In Tehatta II CD Block, amongst the 32 inhabited villages, 2 had no school, 24 had more than 1 primary school, 12 had at least 1 primary school, 18 had at least 1 primary and 1 middle school and 12 had at least 1 middle and 1 secondary school.

==Healthcare==
In 2014, Tehatta II CD Block had 1 block primary health centre, 2 primary health centres and 3 private nursing homes with total 65 beds and 9 doctors (excluding private bodies). It had 18 family welfare subcentres. 4,232 patients were treated indoor and 280,192 patients were treated outdoor in the hospitals, health centres and subcentres of the CD Block.

Palashipara (Pritimoyee) Rural Hospital, with 30 beds at Palashipara, is the major government medical facility in the Tehatta II CD block. There are primary health centres at Barnia (with 10 beds) and Chhota Nalda (with 6 beds).

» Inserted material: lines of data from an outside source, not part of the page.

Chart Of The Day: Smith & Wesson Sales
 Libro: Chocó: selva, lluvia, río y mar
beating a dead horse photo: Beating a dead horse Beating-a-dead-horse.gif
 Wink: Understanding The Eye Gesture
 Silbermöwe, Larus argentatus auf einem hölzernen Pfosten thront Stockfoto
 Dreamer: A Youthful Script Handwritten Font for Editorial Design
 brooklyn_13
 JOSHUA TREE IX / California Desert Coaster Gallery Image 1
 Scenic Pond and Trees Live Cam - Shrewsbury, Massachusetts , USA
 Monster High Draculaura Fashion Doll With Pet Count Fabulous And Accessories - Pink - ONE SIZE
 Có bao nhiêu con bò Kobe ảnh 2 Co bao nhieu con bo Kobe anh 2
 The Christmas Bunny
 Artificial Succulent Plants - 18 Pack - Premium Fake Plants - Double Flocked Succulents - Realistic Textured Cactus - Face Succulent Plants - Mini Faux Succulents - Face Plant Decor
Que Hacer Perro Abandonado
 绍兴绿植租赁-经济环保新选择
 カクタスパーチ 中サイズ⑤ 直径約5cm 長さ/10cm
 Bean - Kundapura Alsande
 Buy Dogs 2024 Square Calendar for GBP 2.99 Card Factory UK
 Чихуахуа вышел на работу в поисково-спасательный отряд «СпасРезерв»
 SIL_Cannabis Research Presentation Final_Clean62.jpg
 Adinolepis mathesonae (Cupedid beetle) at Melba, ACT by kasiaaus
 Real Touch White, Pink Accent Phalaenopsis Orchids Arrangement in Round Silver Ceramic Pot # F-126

Tehatta II CD Block is one of the areas of Nadia district where ground water is affected by high level of arsenic contamination. The WHO guideline for arsenic in drinking water is 10 mg/ litre, and the Indian Standard value is 50 mg/ litre. All the 17 blocks of Nadia district have arsenic contamination above this level. The maximum concentration in Tehatta II CD Block is 950 mg/litre.

==Culture==
Attractions in the area are – Sonargouranga temple (with the golden statue of Chaitanya Mahaprabhu), Chandroday temple and a church. A famous and oldest indigo Kuthi is situated near 3 km at Nishcintapur in demolished form.